Friday, December 28, 2007

And the Winner Is...




You and I, dear readers, live life on a calendar year basis and not some weird-ass corporate fiscal year. So the time has come to name this blog's Oxymoron of the Year for 2007. No, I didn’t do this last year.

Had 2007 been a normal year in Proxyland (although normal here looks like the “n” in snafu), our winner would have been Proxy Access, a provocative idea that suffered a premature demise at the capable hands of SEC Chairman Cox. But this is no ordinary time, it seems. Whether you call it the credit calamity, subprime stew or mortgage mishegass, we’re looking at one hell of an ugly broken nail on the invisible hand that's supposed to control the free market. And no manicurist in sight.

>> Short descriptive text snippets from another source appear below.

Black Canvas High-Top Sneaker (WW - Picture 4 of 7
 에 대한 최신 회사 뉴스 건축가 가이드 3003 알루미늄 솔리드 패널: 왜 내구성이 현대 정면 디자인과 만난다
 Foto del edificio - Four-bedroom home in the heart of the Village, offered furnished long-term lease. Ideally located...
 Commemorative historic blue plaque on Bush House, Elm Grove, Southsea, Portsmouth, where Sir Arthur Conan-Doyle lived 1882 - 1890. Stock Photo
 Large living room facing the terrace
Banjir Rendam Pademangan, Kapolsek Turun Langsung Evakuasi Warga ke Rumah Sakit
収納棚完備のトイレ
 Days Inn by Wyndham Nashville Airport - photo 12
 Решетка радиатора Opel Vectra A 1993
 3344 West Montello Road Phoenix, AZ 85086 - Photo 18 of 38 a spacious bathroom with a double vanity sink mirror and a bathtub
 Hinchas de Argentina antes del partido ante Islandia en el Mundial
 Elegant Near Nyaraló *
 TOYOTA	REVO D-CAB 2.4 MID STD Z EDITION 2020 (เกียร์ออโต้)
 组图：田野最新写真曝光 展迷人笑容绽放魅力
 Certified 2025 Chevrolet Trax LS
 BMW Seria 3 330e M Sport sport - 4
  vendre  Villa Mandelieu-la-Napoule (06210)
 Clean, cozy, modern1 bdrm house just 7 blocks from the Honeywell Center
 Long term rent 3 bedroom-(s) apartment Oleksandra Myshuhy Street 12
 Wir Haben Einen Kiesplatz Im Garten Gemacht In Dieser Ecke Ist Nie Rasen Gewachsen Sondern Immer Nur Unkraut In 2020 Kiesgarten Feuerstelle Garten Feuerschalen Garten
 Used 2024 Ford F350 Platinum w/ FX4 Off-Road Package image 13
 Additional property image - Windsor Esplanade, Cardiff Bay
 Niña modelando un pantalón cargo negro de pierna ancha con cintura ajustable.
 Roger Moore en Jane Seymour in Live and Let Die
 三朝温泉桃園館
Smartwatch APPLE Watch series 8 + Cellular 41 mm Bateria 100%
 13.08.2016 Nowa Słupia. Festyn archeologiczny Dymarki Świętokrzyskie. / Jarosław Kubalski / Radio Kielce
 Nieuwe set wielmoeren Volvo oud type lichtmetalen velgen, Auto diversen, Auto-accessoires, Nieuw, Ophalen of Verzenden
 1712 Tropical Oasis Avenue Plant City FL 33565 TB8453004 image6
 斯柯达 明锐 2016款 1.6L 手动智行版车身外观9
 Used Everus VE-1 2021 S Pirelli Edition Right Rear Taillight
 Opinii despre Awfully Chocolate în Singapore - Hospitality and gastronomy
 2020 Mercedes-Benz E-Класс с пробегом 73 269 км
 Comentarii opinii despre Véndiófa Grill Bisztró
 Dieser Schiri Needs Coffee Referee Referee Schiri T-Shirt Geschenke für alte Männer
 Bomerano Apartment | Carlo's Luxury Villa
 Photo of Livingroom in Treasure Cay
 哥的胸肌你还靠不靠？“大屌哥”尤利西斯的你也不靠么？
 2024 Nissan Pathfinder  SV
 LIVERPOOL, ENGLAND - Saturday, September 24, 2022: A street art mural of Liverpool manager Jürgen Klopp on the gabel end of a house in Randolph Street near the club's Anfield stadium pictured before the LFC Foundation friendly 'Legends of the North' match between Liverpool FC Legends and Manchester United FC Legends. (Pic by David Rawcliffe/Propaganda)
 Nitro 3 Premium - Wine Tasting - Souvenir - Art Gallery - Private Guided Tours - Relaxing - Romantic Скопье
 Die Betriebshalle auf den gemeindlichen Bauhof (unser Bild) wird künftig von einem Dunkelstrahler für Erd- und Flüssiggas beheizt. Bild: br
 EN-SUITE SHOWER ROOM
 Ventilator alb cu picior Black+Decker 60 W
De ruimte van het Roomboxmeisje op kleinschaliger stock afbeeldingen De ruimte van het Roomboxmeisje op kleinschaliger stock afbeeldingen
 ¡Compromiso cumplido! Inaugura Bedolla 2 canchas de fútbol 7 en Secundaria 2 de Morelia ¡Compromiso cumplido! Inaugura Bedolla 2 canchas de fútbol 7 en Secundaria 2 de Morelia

This is serious stuff, so I'm going to declare a tie between Risk Management (discussed here) and Financial Engineering.

Take your pick, though the latter sounds more jolly, evoking a video game in which you send bits of risk zinging around the globe and wait for them to explode. And in the meantime you take your own credit-linked stash and, as some wag says in that cute poem you've probably seen, “mark to myth.”

Whichever oxymoron best captures the wisdom of the Wall Street sages who've made fortunes in structured finance, the moral is clear: Karma may not be a boomerang, but risk sure is.

A happy and prosperous New Year to all, come what may.